--- RECORDS SHOWN ---

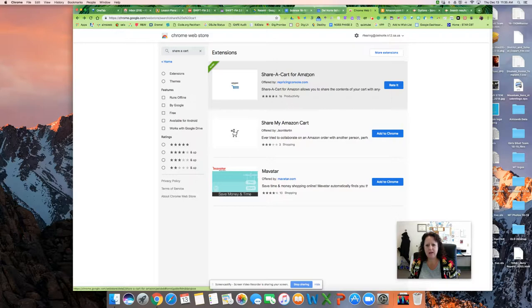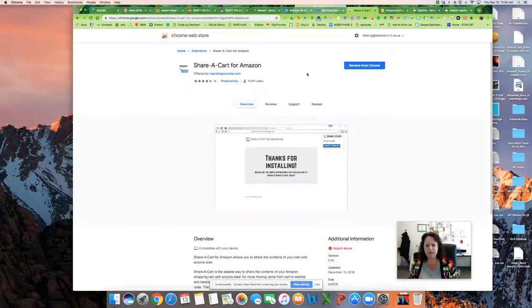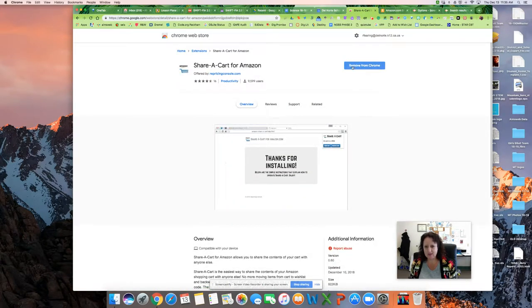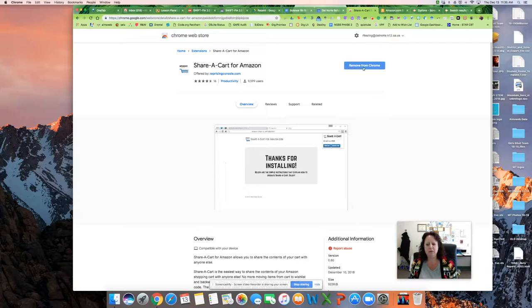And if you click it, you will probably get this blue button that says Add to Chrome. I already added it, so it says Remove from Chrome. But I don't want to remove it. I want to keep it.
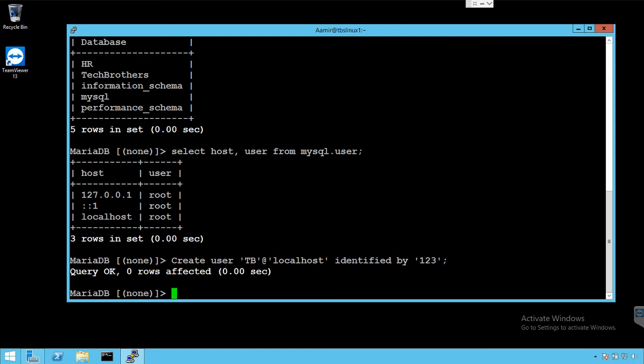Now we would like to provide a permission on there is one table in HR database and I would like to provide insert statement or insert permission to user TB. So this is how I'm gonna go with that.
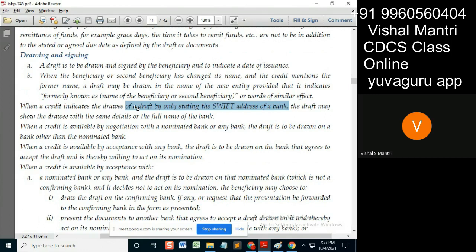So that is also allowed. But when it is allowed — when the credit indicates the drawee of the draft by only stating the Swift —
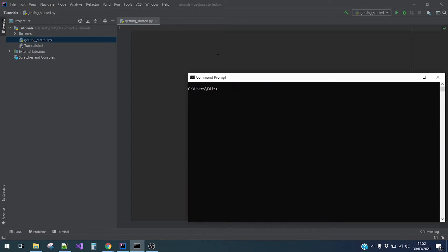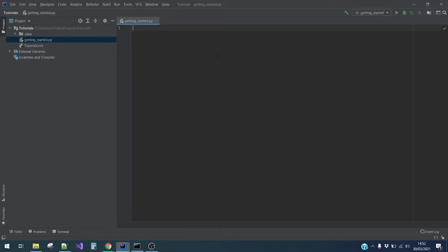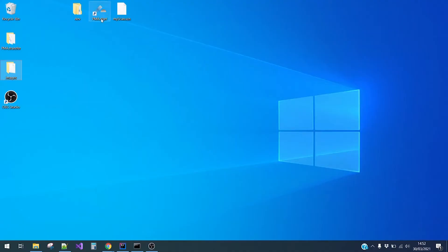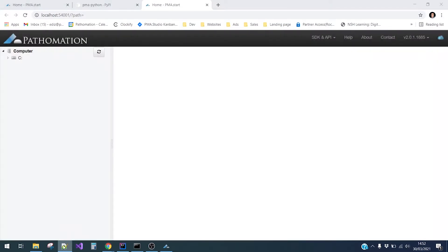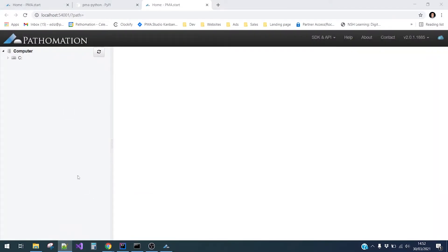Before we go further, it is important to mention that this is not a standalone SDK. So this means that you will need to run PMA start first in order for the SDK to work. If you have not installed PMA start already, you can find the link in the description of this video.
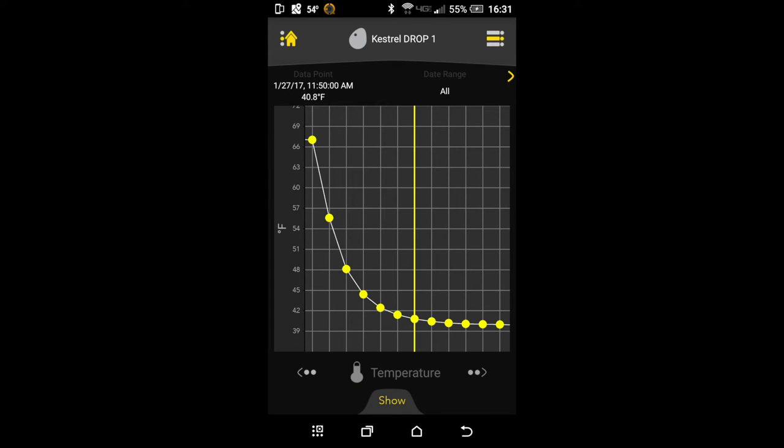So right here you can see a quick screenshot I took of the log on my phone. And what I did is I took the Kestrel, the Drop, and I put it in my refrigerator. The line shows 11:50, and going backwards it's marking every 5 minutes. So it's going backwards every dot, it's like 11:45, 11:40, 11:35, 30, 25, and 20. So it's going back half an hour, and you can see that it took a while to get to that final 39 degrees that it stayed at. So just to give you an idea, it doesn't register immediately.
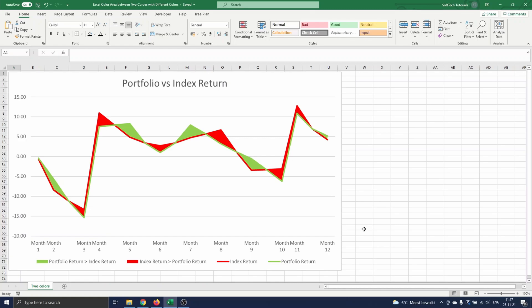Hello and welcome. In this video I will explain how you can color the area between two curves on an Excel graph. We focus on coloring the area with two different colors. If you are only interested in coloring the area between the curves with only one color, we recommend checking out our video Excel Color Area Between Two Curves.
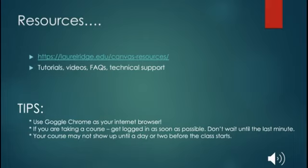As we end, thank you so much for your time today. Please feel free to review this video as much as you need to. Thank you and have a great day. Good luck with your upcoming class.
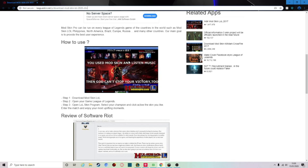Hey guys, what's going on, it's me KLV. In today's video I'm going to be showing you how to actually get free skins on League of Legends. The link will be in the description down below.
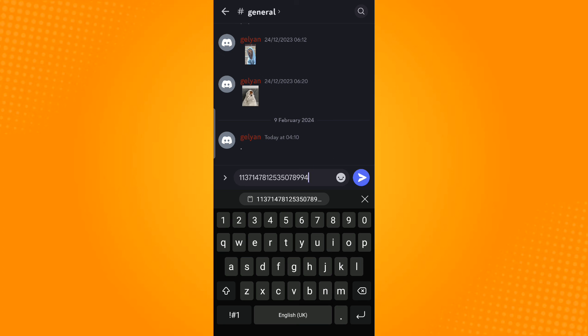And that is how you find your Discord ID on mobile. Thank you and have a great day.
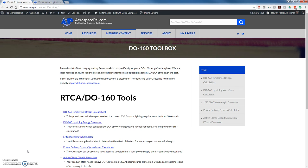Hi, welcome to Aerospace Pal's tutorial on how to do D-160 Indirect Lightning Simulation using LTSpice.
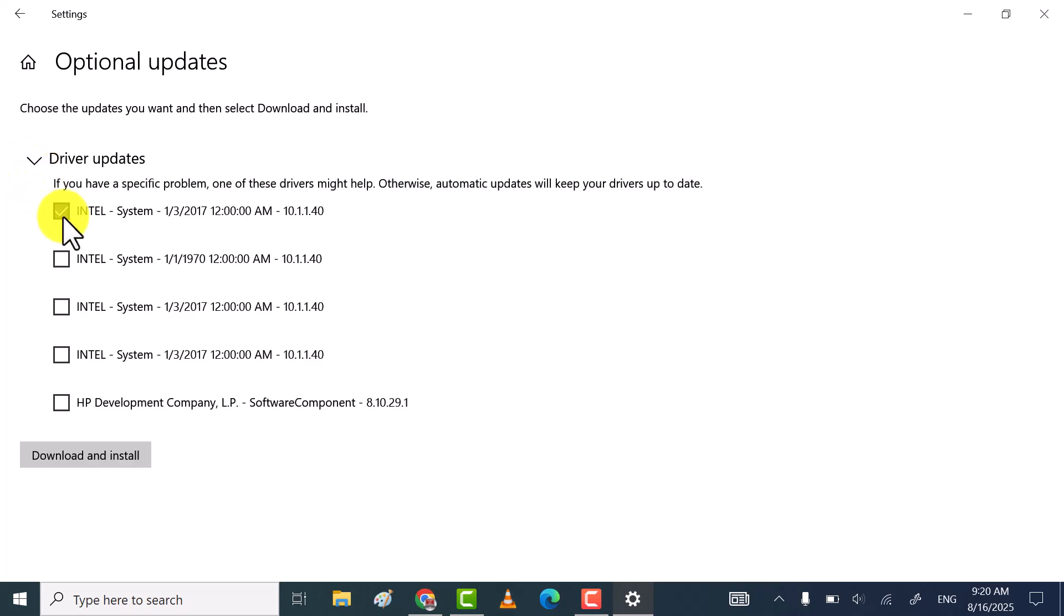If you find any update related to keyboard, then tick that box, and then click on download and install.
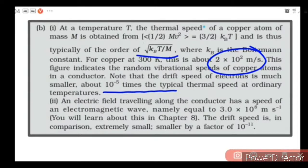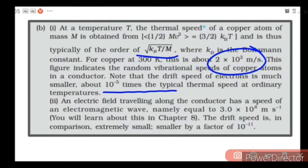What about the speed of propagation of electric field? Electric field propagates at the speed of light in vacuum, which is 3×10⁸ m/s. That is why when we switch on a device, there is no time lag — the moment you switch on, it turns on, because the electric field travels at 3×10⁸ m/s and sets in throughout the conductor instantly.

---

» WHAT IS NEEDED
Skipping every picture, transcribe exactly the lines above from the one containing "Hi, welcome to" through the one containing "If you find", both included.

» EXERCISE RESPONSE
Hi, welcome to Aerospace Pal's tutorial on how to do D-160 Indirect Lightning Simulation using LTSpice.
If you find any update related to keyboard, then tick that box, and then click on download and install.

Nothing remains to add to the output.